Monday, August 29, 2005

check out justin's livejournal from june 2001... my first real apartment. i shared it with two crazy film majors who loved getting drunk and singing magnetic fields. on occasion the captain would throw his laptop and torture the cat. he once strapped a naked barbie to a stake and set her on fire IN OUR HOUSE and filmed it for a school project. adrian cleaned the carpet and slept on the futon; we threw him one hell of a shindig on the roof of the inwood before he left us to francier places (where many many adventures were had...)

this was while i was selling my soul to AOL and figuring out how in the hell to be an adult. i soon started yoga, stopped smoking, and my best friend brandon moved to another state.

what a crazy, fun, jumbled amazing time.

Wednesday, August 10, 2005

anyone ready to tell me it's okay?

this creepy suit is wearing me thin
i've got an office but it's much too small to let you in
i'm know the difference cause i'm different from them

and it's monday afternoon

last friday night i nearly touched the sky
my mind was lucid and my words were coming right on time
i had control of thought for the night

and it's monday afternoon
(monsday afternoon)

barstool venus she's wrapped up tight
one night with her
it would be alright
my eyes are blurry, she fades from sight

i'm percolating anticipating the the phone
the sun is shining, something about a thing
it keeps me safe, far away from the crowd

it's monday afternoon.


(lyrics by ian moore.)

Tuesday, August 02, 2005

it seems that about once a week i feel like one of karma incorporated's victims.

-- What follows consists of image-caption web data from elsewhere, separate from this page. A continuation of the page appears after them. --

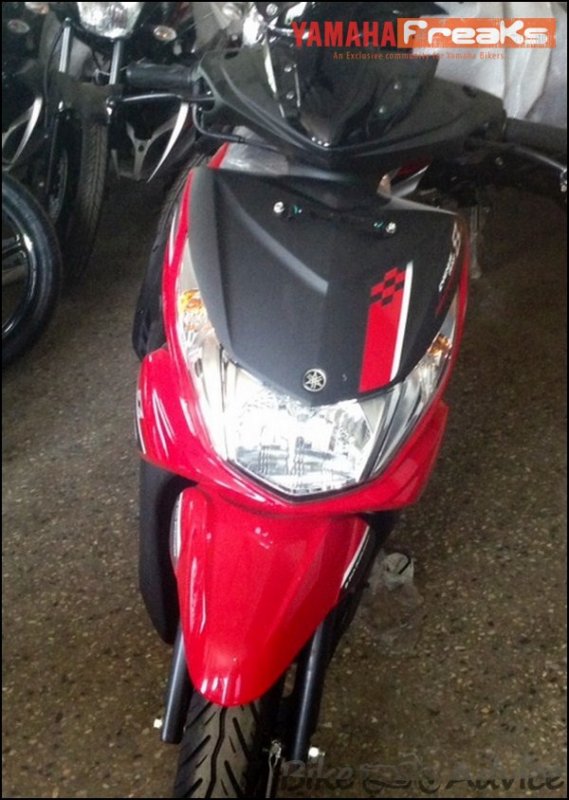 Yamaha-Ray-Z-spied-red-black-front.jpg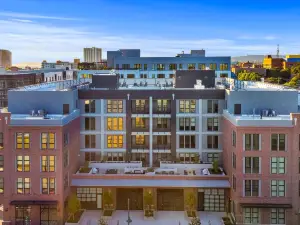 Emeryville 1BR w AC WD near shops SFO-1030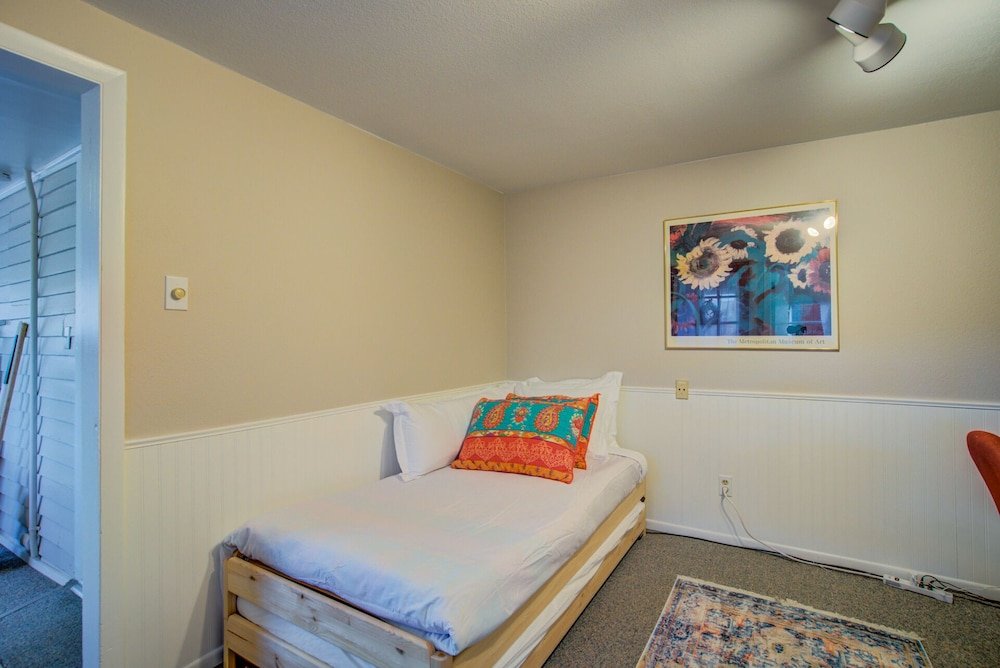 Фото 5brmonument Historic Charmminutes To Hiking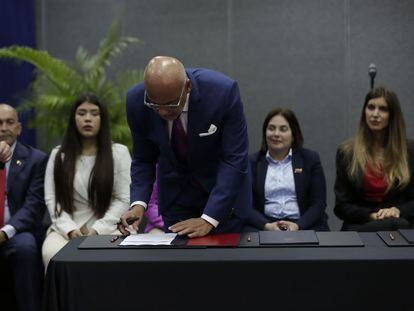 Jorge Rodríguez firma el acuerdo con la oposición para celebrar elecciones presidenciales en 2024, el 17 de octubre en Barbados.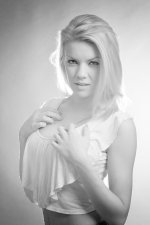 _ST70246_BW.jpg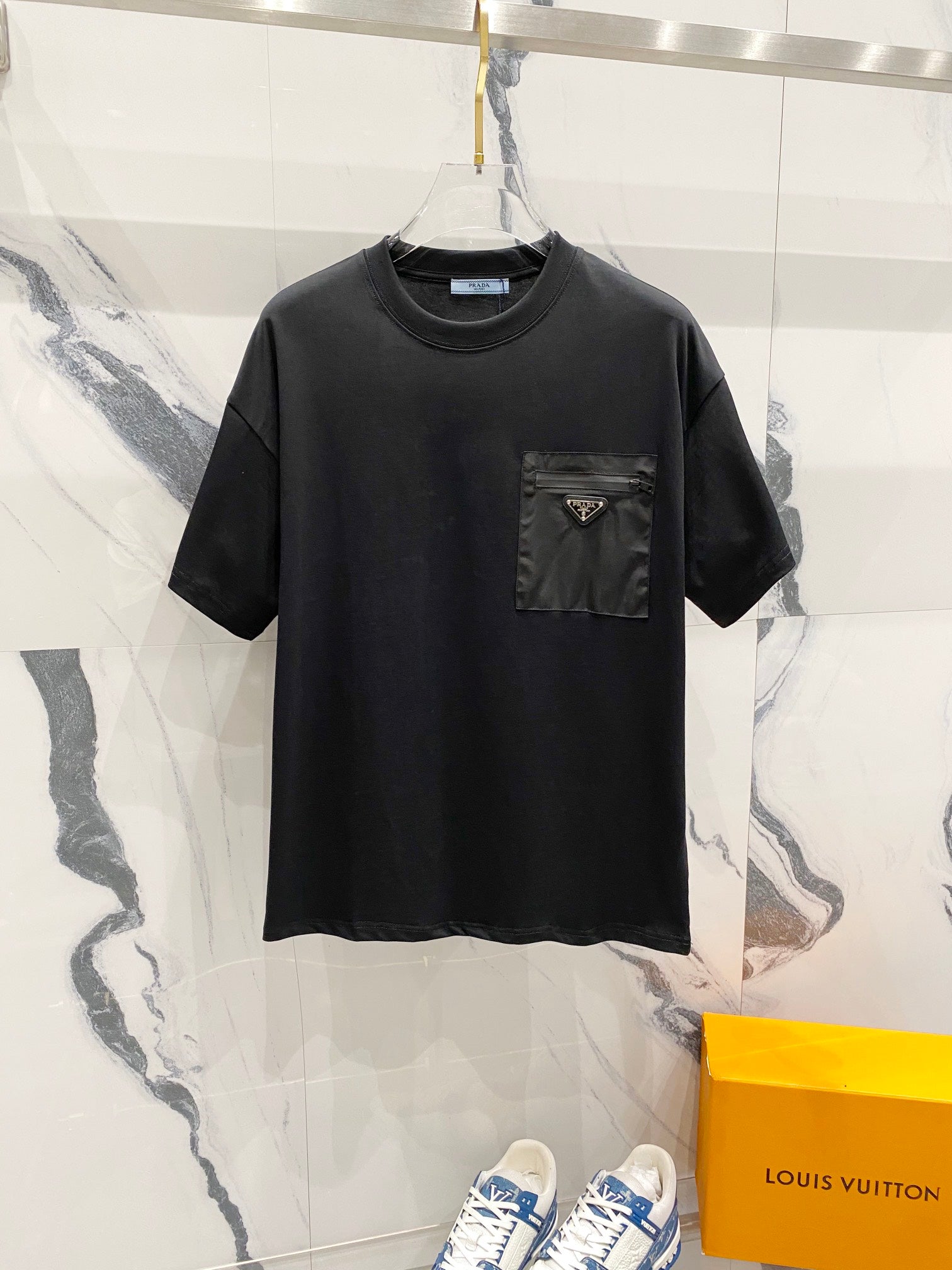 LuxluxHouse Best Quality Clothes T-shirt Prada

today after waiting hours just to pay $150.00 for not changing my address the cop i'd been sitting next to and conversing with (along with a man whose brother prophesied that he would be a minister) regarding faith and meaning and the New Testament and such asked me out to dinner.

i'd just coughed up the dough (the district attorney cut me no slack) and was sitting in my hot car, digging through my bag because i thought i might have left my debit card inside when i saw the officer striding across the parking lot towards my car. oh shit, what did i do? then the gentleman (who must be a couple of decades older than me at least and has a generously-sized posterior) asked if he could ask me to dinner.


now i'm at work, furiously busy (except for this break to suck down some pepto and bitch for a few moments) and preparing for a meeting with a very cranky individual.

god, i need a vacation. the beach couldn't seem further away right now.